Managing risk is an important executive responsibility. Reputations that take decades to build up can be ruined in hours through corruption scandals or environmental accidents. These draw unwanted attention from regulators, courts, governments and media. CSR can limit these risks.

Brand differentiation

CSR can help build customer loyalty based on distinctive ethical values. Some companies use their commitment to CSR as their primary positioning tool, e.g., The Co-operative Group, The Body Shop and American Apparel.

Some companies use CSR methodologies as a strategic tactic to gain public support for their presence in global markets, helping them sustain a competitive advantage by using their social contributions as another form of advertising.
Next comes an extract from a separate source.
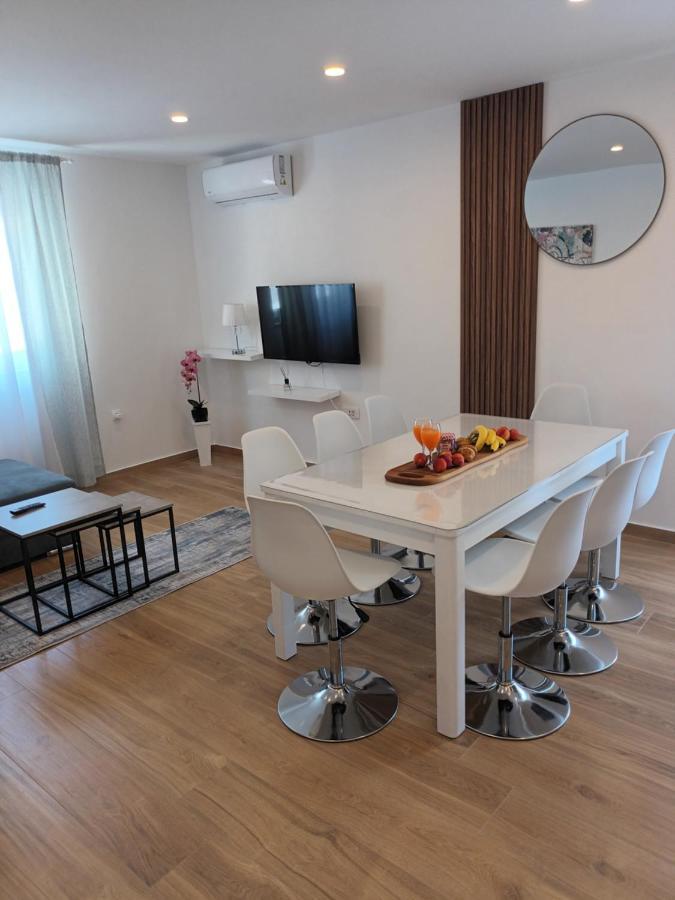 Apartmani Tolj ماكارسكا المظهر الخارجي الصورة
Companies that operate strong CSR activities tend to drive customer's attention to buy products or services regardless of the price. As a result, this increases competition among firms since customers are aware of the company's CSR practices. These initiatives serve as a potential differentiator because they not only add value to the company, but also to the products or services. Furthermore, firms under intense competition are able to leverage CSR to increase the impact of their distribution on the firm's performance. Lowering the carbon footprint of a firm's distribution network or engaging in fair trade are potential differentiators to lower costs and increase profits. In this scenario, customers can observe the company's commitment to CSR while increasing company sales.

Whole Foods' marketing and promotion of organic foods have had a positive effect on the supermarket industry. Proponents assert that Whole Foods has been able to work with its suppliers to improve animal treatment and quality of meat offered in their stores. They also promote local agricultures in over 2,400 independent farms to maintain their line of sustainable organic produce. As a result, Whole Foods' high prices do not turn customers away from shopping. In fact, they are pleased buying organic products that come from sustainable practices.
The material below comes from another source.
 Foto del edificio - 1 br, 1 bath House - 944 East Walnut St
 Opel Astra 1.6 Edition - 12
According to a Harvard Business Review article, there are three theaters of practice in which CSR can be divided. Theater one focuses on philanthropy, which includes donations of money or equipment to non-profit organizations, engagement with communities' initiatives and employee volunteering. This is characterized as the "soul" of a company, expressing the social and environmental priorities of the founders. The authors assert that companies engage in CSR because they are an integral part of the society. The Coca-Cola Company contributes with $88.1 million annually to a variety of environmental educational and humanitarian organization. Another example is PNC Financial Services' "Grow Up Great" childhood education program. This program provides critical school readiness resources to underserved communities where PNC operates.
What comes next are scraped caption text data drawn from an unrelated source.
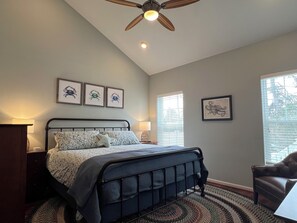 5 Schlafzimmer, Schreibtisch, Bügeleisen/Bügelbrett, Reisekinderbett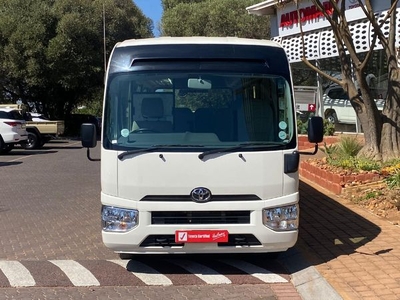 Used Toyota Coaster COASTER 4.0D 23 SEATER BUS for sale in Gauteng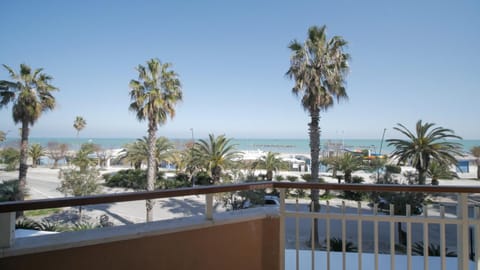 Varsavia Apartment, fronte mare Rif A769 Apartment in San Benedetto del Tronto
On the other hand, theater two focuses on improving operational effectiveness in the workplace. The researchers assert that programs in this theater strive to deliver social or environmental benefits to support a company's operation across the value chain by improving efficiency. Some of the examples mentioned include sustainability initiatives to reduce resource use, waste, and emission that could potentially reduce costs. It also calls for investing in employee work conditions such as health care and education which may enhance productivity and retention. Unlike philanthropic giving, which is evaluated by its social and environmental return, initiatives in the second theater are predicted to improve the corporate bottom line with social value. Bimbo, the largest bakery in Mexico, is an excellent example of this theater. The company strives to meet social welfare needs. It offers free educational service to help employees complete high school. Bimbo also provides supplementary medical care and financial assistance to close gaps in the government health coverage.

Moreover, the third theater program aims to transform the business model. Basically, companies create new forms of business to address social or environmental challenges that will lead to financial returns in the long run. One example can be seen in Unilever's Project Shakti in India. The authors describe that the company hires women in villages and provides them with micro-finance loans to sell soaps, oils, detergents, and other products door-to-door. This research indicates that more than 65,000 women entrepreneurs are doubling their incomes while increasing rural access and hygiene in Indian villages. Another example is IKEA's People and Planet initiative to be 100% sustainable by 2020. As a consequence, the company wants to introduce a new model to collect and recycle old furniture.

Reduced scrutiny

Corporations are keen to avoid interference in their business through taxation or regulations. A CSR program can persuade governments and the public that a company takes health and safety, diversity and the environment seriously, reducing the likelihood that company practices will be closely monitored.

Supplier relations

Appropriate CSR programs can increase the attractiveness of supplier firms to potential customer corporations. E.g., a fashion merchandiser may find value in an overseas manufacturer that uses CSR to establish a positive image—and to reduce the risks of bad publicity from uncovered misbehavior.

Criticisms and concerns

CSR concerns include its relationship to the purpose of business and the motives for engaging in it.

Nature of business

Milton Friedman and others argued that a corporation's purpose is to maximize returns to its shareholders and that obeying the laws of the jurisdictions within which it operates constitutes socially responsible behavior.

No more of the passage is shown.